When I saw JFK I did not have the same feeling. I thought he was contradicting what he was doing in Born on the Fourth of July, where he was saying, We had an antiwar movement in this country. If the war came to an end, it was in good part because people like Ron Kovic and Vietnam veterans and all the other people who protested against the war showed us what a social movement was like. But in JFK he is telling us that the key to ending the war was the president of the United States. If Kennedy had lived he would have ended the war. That viewpoint perpetuates an elitist notion in history which I’ve been struggling against. I think that Oliver Stone in his better films is also struggling against it, the idea that history is made from the top, and if we want change to come about we must depend on our presidents, on the Supreme Court, on Congress. If history shows anything, to me, it shows that we cannot depend on those people on top to make the necessary changes towards justice and peace. It’s social movements we must depend on to do that.
The word “optimism,” used here, and in the subtitle of my book, makes me a little uneasy, because it suggests a blithe, slightly sappy whistler in the dark of our time. But I use it anyway, not because I am totally confident that the world will get better, but because I am certain that only such confidence can prevent people from giving up the game before all the cards have been played. The metaphor is deliberate; it is a gamble. Not to play is to foreclose any chance of winning. To play, to act, is to create at least a possibility of changing the world. I wrote this essay to show that there is some evidence in support of that possibility. I should mention that I first wrote about this in a much longer piece requested by John Tirman of the Winston Foundation.
1988
As this century draws to a close, a century packed with history, what leaps out from that history is its utter unpredictability.
This confounds us, because we are talking about exactly the period when human beings became so ingenious technologically that they could plan and predict the exact time of someone landing on the moon.
But who foresaw that, 24 years after the national Democratic Party Convention refused to seat blacks from Mississippi, a black militant would run for president, excite crowds, black and white, all over the country, and then dominate the Democratic Party Convention in Atlanta? Or (recalling Jesse Jackson’s presentation of Rosa Parks to the Convention) who, on that day in Montgomery, Alabama, in 1955, when Rosa Parks refused to move from the front of the bus, could have predicted that this would lead to a mass protest of black working people, and then would follow a chain of events that would shake the nation, startle the world, and transform the South?

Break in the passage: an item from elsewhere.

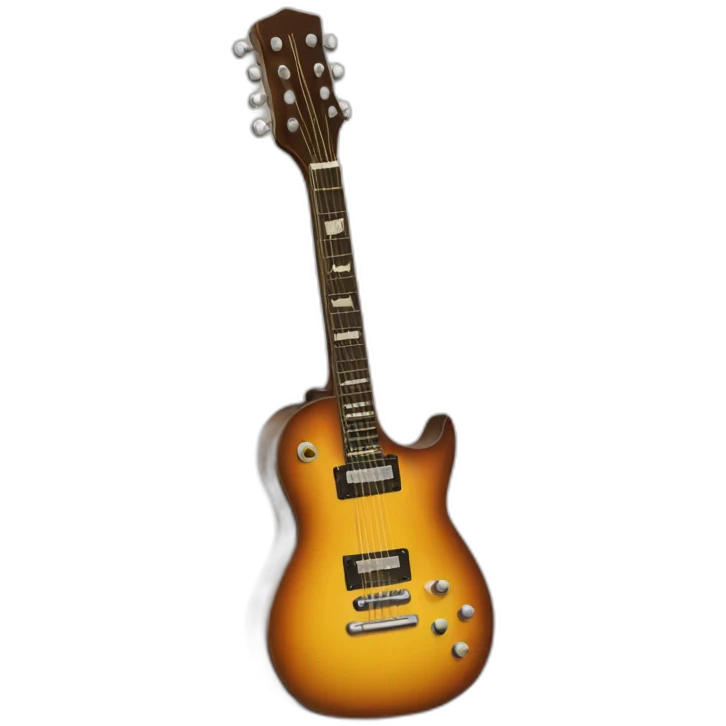 guitar tuning emoji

But let’s go back to the turn of the century. That a revolution should overthrow the Czar of Russia, in that most sluggish of semi-feudal empires, not only startled the most advanced imperial powers, but took Lenin himself by surprise and sent him rushing by train to Petrograd.
Who could have predicted, not just the Russian Revolution, but Stalin’s deformation of it, then Khrushchev’s astounding exposure of Stalin, and recently Gorbachev’s succession of surprises?